También se sabe que si un sapo echa una meada certera y le pega en la pupila a un niño (esto no ha sido comprobado en adultos), este, según el autor, queda ciego o queda estúpido. El consenso actual se inclina por la segunda opción.

Si a una mujer gestante se le entra un pelo de gato en el útero – y no me hagan entrar en escabrosidades – el niño le sale peludo y bobo. La localidad de Chelforó, en Río Negro, registra ocho casos en diferentes mujeres. La prevalencia de la deformidad cayó a cero cuando se expulsó del pueblo al gato del sodero, un macho overo negro bastante querendón. Con él se fue del pueblo el sodero mismo, conocido entre sus amigos como el “oso pelotudo” o “el yeti”.

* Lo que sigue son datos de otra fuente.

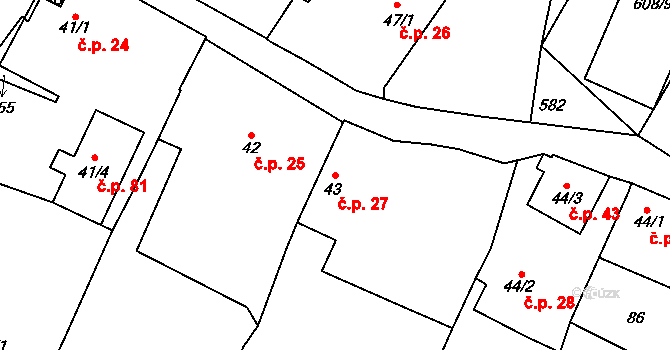 Podviní 27, Trnovany na parcele st. 43 v KÚ Trnovany u Litoměřic, Katastrální mapa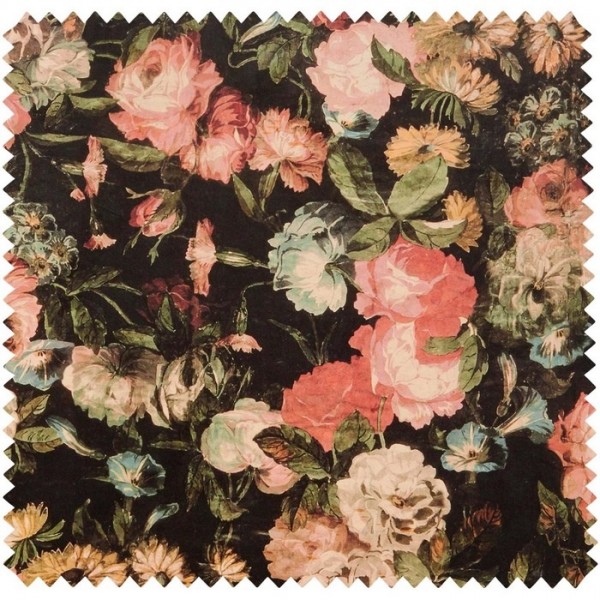 Tela MIDNIGHT GARDEN VELVET - MULTI HOUSE OF HACKNEY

Si se acoplan cristiano y oveja en una noche de cuarto menguante de los meses de Abril o Mayo de año bisiesto, al cabo de 7 meses a la oveja le nace un cristianito lanudo y balador. El caso se ha comprobado en Piedra del Águila, en el puesto del paisano Curaya. Se conoció como el caso de “El corderón”. Los testimonios indican que las noches de cuarto menguante, el corderón recorría los puestos de las estancias balándole a la luna en forma lastimosa y escalofriante. Varios intentaron, inútilmente, carnear y comerse al cordero, pero cuando lo cuereaban y lo ponían en el asador, este desaparecía misteriosamente, para volver a aparecer en otro lado. Finalmente se supo que sólo había una manera de acabar con el mal bicho. Lo reveló un paisano añoso: el corderón debía ser descascarriado con una tijera de plata, luego se le debía hacer tomar la teta de una guanaca blanca, se le debían tejer escarpines de color carmesí y, por último, el padre debía nombrar, sin repetir, 20 marcas de cigarrillos mientras se sentaba desnudo sobre brasas ardientes. Una noche de cuarto menguante se escuchó por última vez al corderón; más tarde, aullidos como letanía se oyeron por toda la Patagonia, en los cuales se escuchaban las místicas palabras Saratoga, Colt y Colorado, seguidas de algunos improperios bien camperos en contra de las ovejas y la soledad.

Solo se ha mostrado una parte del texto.